Experts from countless disciplines touch down in Boulder next week to engage in hundreds of unscripted discussions exploring the modern world. The annual conference is an assembly of panels and performances propped up by scholars, scientists, entrepreneurs and other experienced individuals who participate at their own expense.
One panel of note will discuss everything from East Asian industrial sociology to energy sustainability and how it relates to the evolution of labor practices in developing or developed countries.
All events are free to attend and open to the public, thrusting right in front of CU students and community members a rare opportunity to find out who is interested in what and to hear incredible stories from the diverse minds of each panelist.
“Global Urbanization: What’s Lost and Found,” held next Thursday, will feature William Shutkin, president and CEO of the Presidio Graduate School and a social entrepreneur outspoken on the issues of sustainability within urban development.
“That trend toward urbanization is happening, whether we like it or not, around the world,” Shutkin said. “More and more people for the first time in world history are moving from a largely rural agrarian existence to a largely urban and suburban existence.”
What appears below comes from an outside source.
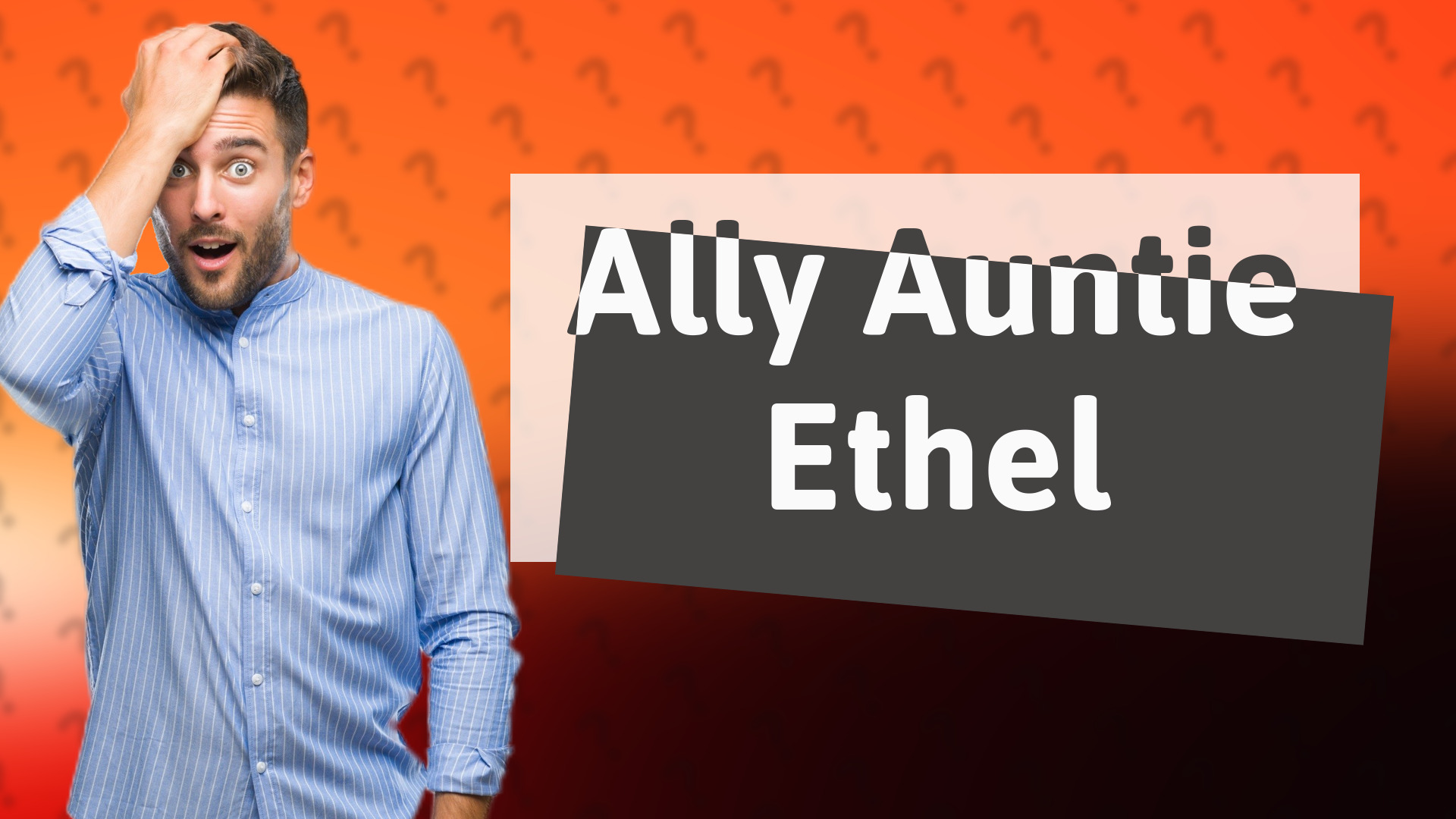 Ally Auntie Ethel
The question regarding urbanization, Shutkin said, is how to build sustainable cities.
Suburbs surrounding cities like Denver are dependent on cars, he said, which leads many to argue they are unsustainable, “in terms of land use and urban form.”
While the bulk of the globe experiences a gradual increase in migration to urban centers, the potential pros and cons of city life vary greatly between regions. Urbanization lends to increased diversity, innovation and entrepreneurship, but can cause imbalance between people and nature the more reliant they become on practices harmful to the environment.
“How do you restore prairie and wetland in the middle of cities in African and Asia and North America?” Shutkin asked. “How do you, in a dense urban setting, create meaningful connections between people and nature?”
He believes that great opportunities for innovation exist for the future generations, those who will grapple with the radical changes anticipated by global urbanization.
The Conference on World Affairs is an aspect of a broader movement toward what Shutkin calls a world, “where commerce and ecology can coexist,” which “Global Urbanization” will address.
Cities are not all ecological corruption and filth, though. Shutkin observed that urbanization offers a bright side: “developing a level of comfort and curiosity among different classes because “More people [are] coming to live in urban areas and being exposed to folks from different walks of life and different backgrounds and incomes,” he said.